Fourth day on Anavar

Well, let me start with this although I know where it's gonna end up in, but yesterday I had to drink.. long story short I had no option but to drink and I had three beers and two tequila shots.. which is way less than what gets me drunk.. the night ended well, woke up today hungover and feeling absolutely crap! lethargic with a bad mood.. slept around 12 hours!!

Took my dose at 16:00, hit the gym an hour or an hour and a half afterwards for a biceps and triceps day.. amazing pumps again.. no noticeable strength gains but absolutely decent workout although I was hungover and feeling shitty but as soon I finished warming up I was good to go.. talking about the placebo, two persons commented on me making gainz! (no one knows I am taking Anavar)

The point is am really concerned about it not being really Anavar! since it is hitting really quick and it is not mild at all.. it is amazing but am not sure about the sides! I don't want to make any judgement but I would like to hear your comments about what am going to say below;

My diet has been really crap until a week before I started the cycle.. like really crap! a week before starting I got my diet on track and I started eating clean (except for the chocolates!) 3500-4000 KCals.. before I got my diet in check I weighed 183lbs, I didn't really check my weight before starting Anavar which is dumb but I didn't expect any weight gains from Anavar in the first week.. but I weighed myself today and am 194lbs!!! I am not sure how much fixing the diet contributed but absolutely the Anavar is doing something!! but is it really Anavar? am still getting morning wood with no problems.. veins are popping nice.. and no face bloat which is why I hate aromatizing steroids.. I've caught a cold but am not sure if it is related to the cycle..


----------



## dtmiscool (Aug 12, 2016)

You would not have gained over 10lbs on var, just saying.

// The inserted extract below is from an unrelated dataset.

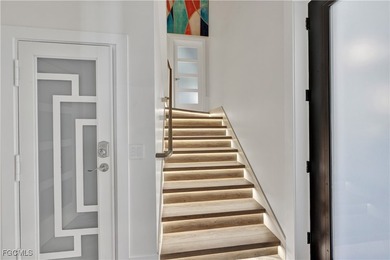 Spectacular Riverfront Estate: More than 1/2 acre lot (21,824sqf - photo 42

4 days in and you're acting as if it's the best thing since slice bread.

that placebo is real


----------



## BULK (Sep 13, 2015)

Four days in ! Is this guy for real? He's talking like he's on 3g tren and 2g test . I mean , 4 days on var . Feck me


----------



## MiMadreMia87 (Mar 14, 2015)

I know what am reporting doesn't sound to be logical.. that's why I started suspecting that it is not Var!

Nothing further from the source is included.